NYTW Panel #4 tonight

The fourth and final New York Theatre Workshop panel is tonight. I myself won't be going. (I'll be a few blocks away at Stuff Happens, as it happens.) But if you go, please do share your opinions and observations in Comments here.

Here's tonight's details:

The "C Word": Is Contextualizing A Work of Art Essential to its Reception?
Can a work of art stand on its own? Is knowing the historical, cultural, political, and social background of the artwork important to deepening understanding? Dramaturgs and educational leaders present highly different views on the subject.
Participants: Mark Bly (Senior Dramaturg, Arena Stage, Washington, D.C.), Jayme Koszyn (President/Founder, Jayme Koszyn Consulting), Michael Lupu (Senior Dramaturg, Guthrie Theatre, Minneapolis)

Moderator: Karen Newman, Professor of English Literature, New York University


Hm, "C-Word." Where have I heard that phrase recently...

Seriously, the chance to see Mark Bly alone is worth any dramaturg's time. I'll be especially curious what he has to say. Then again, as dramaturgs I expect all these folks to defend all kinds of "context" since that's what dramaturg's do! But dramaturgs should also know better than anyone that all their painstaking contextual work is routinely tossed aside by an indifferent director or playwright. And you learn to live with that. Your research is always in service of the play and the production.

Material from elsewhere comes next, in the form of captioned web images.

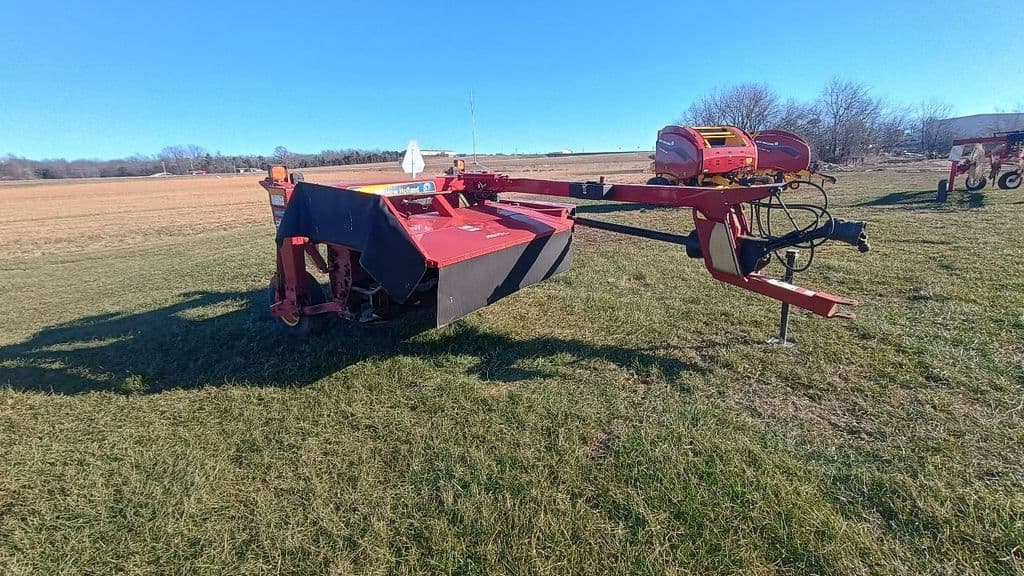 Image of New Holland H7220 Image 0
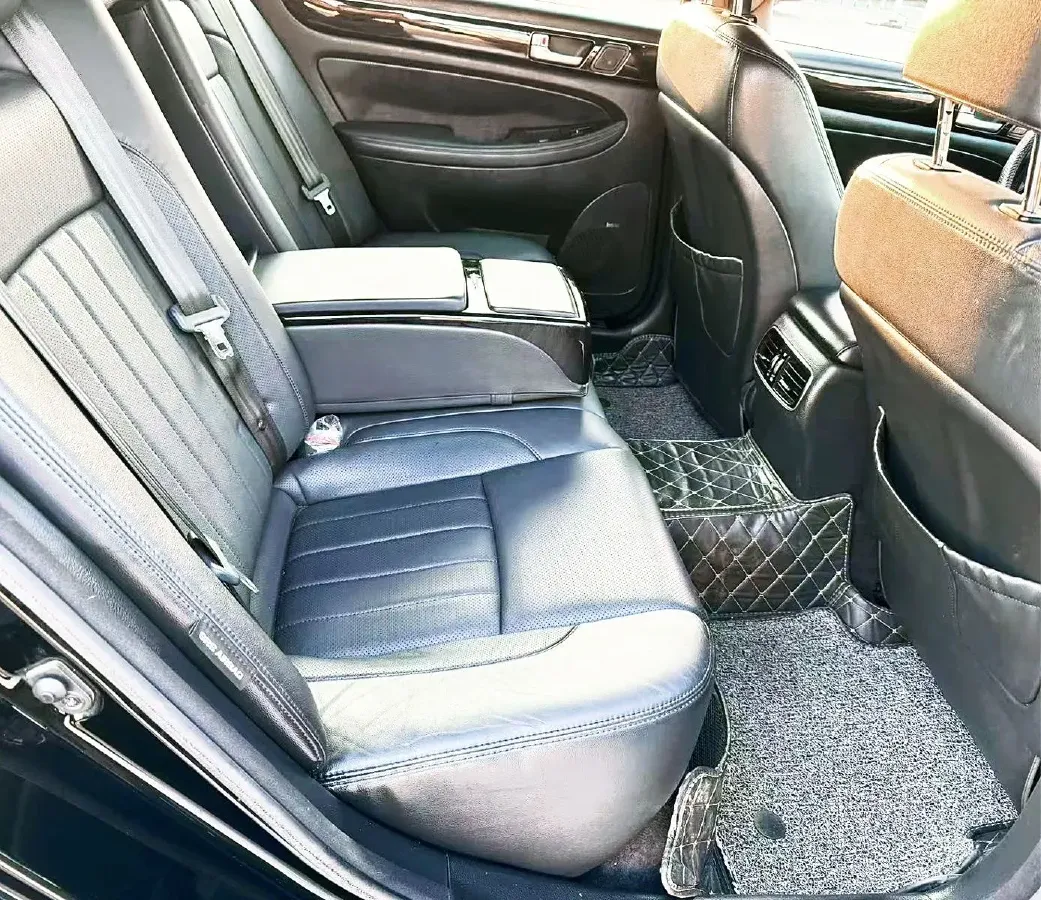 2012 Hyundai Rohens 3.0L 272HP V6 8AT,autocango,china used car exporter,china ev exporter,chinese used car exporter,chinese used ev exporter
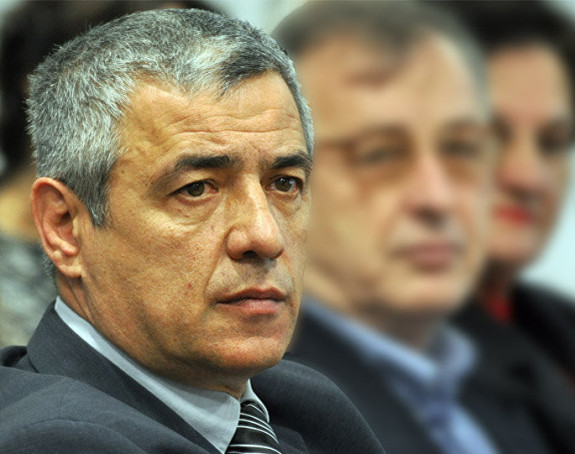 Podrška Ivanoviću, sramna odluka suda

Here's a good index card question for anyone who wants it: In your experiences, would you say "My Name is Rachel Corrie" is the first play ever put off for more dramaturgy?


In my account of last night, I naturally realize I left out a lot. (And see the previous comments here for some perspectives taking issue with my own.) Let me add some quick addendums while they're still fresh.

I'm sorry for neglecting Irondale's Terry Greiss entirely. He was certainly an engaging speaker. Just not there really to address "Rachel Corrie." But he did offer a nice little soundbite: that a political play is "not a play about Nazis anymore, but a play about the Nazi in us."

It has been telling that in both sessions I attended, the analogies Nicola kept reaching for of "controversial" work he had done in the past were really cases of aesthetics more than politics: producing "More Stately Mansions" against the O'Neill estate's wishes, for instance. He even brought up Bach at Leipzig in an example of an author unfairly criticized since Itamar Moses was given lots of PR as the next Tom Stoppard only to see the comparison held against him. I found these totally unrelated to the issue at hand. Alisa Solomon proposed a better counterpart from NYTW's production history: Paul Rudnick's Most Fabulous Story Ever Told which mischievously retold Genesis with "Adam and Steve." Of course no one like the Family Research Council was invited to give a talkback, she rightly pointed out.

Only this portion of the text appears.